*WHAT IS NEEDED*
Type the records that follow again exactly as written, but drop the pictures.

(Extracted records)
*** Begin section ***
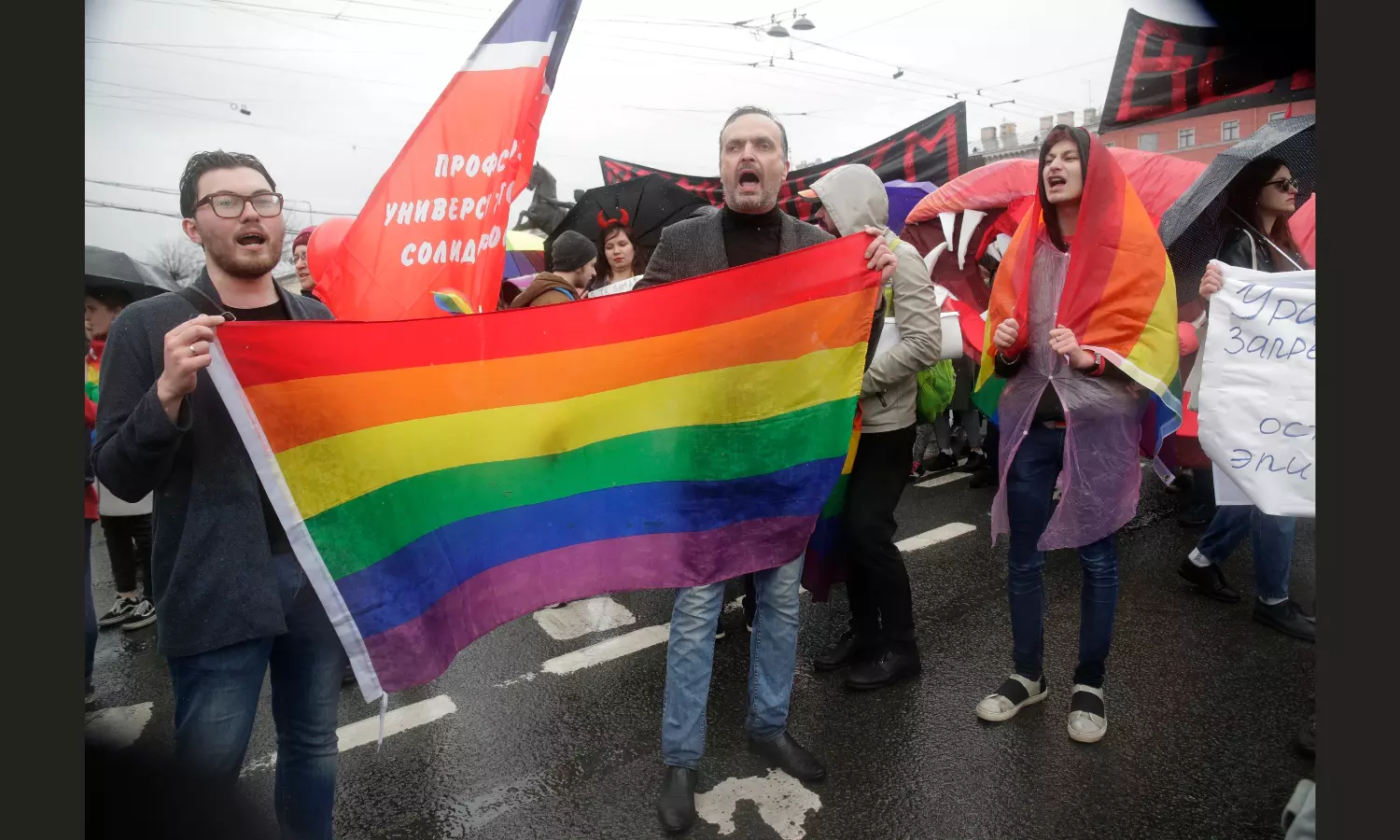 Russia: LGBTQ+ community living in fear after new laws, activists say Russia: LGBTQ+ community living in fear after new laws, activists say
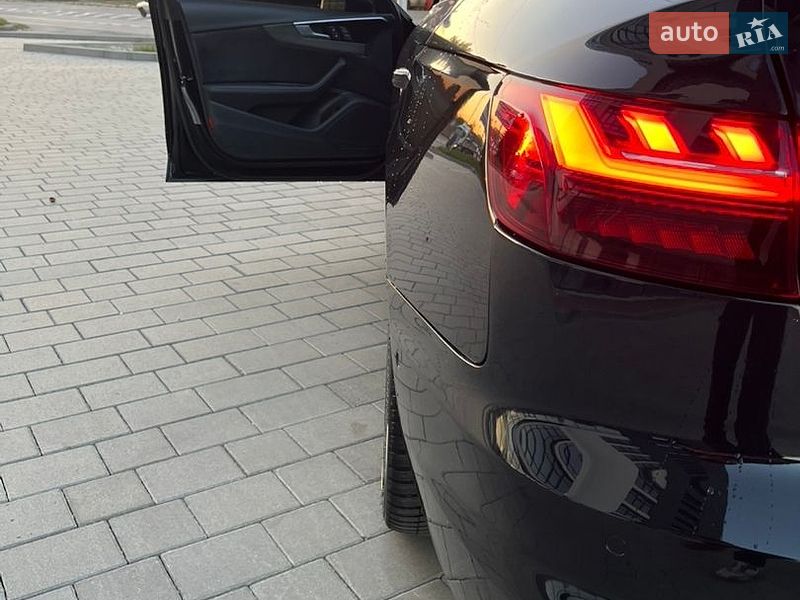 Седан Audi A4 2023 в Івано-Франківську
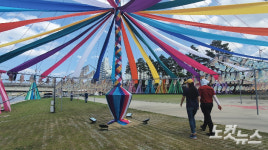 강릉단오제 개막 이틀째…축제 분위기 만끽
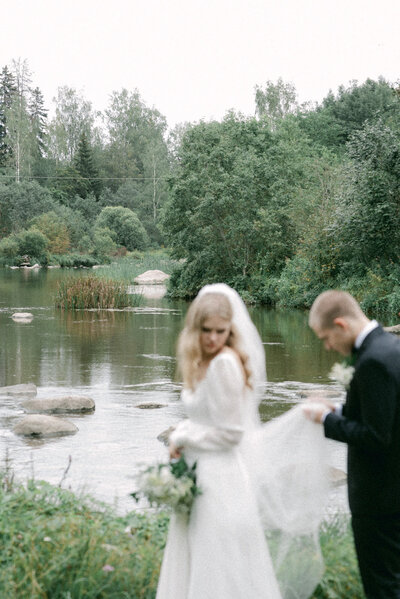 Wedding photo of an Intimate and romantic wedding  photography session in Porvoo by photographer Hannika Gabrielsson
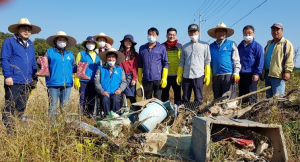 충남도의회, 수확철 농촌 일손돕기 팔걷어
*** End section ***
*SOLUTION BELOW*
 Russia: LGBTQ+ community living in fear after new laws, activists say Russia: LGBTQ+ community living in fear after new laws, activists say
 Седан Audi A4 2023 в Івано-Франківську
 강릉단오제 개막 이틀째…축제 분위기 만끽
 Wedding photo of an Intimate and romantic wedding  photography session in Porvoo by photographer Hannika Gabrielsson
 충남도의회, 수확철 농촌 일손돕기 팔걷어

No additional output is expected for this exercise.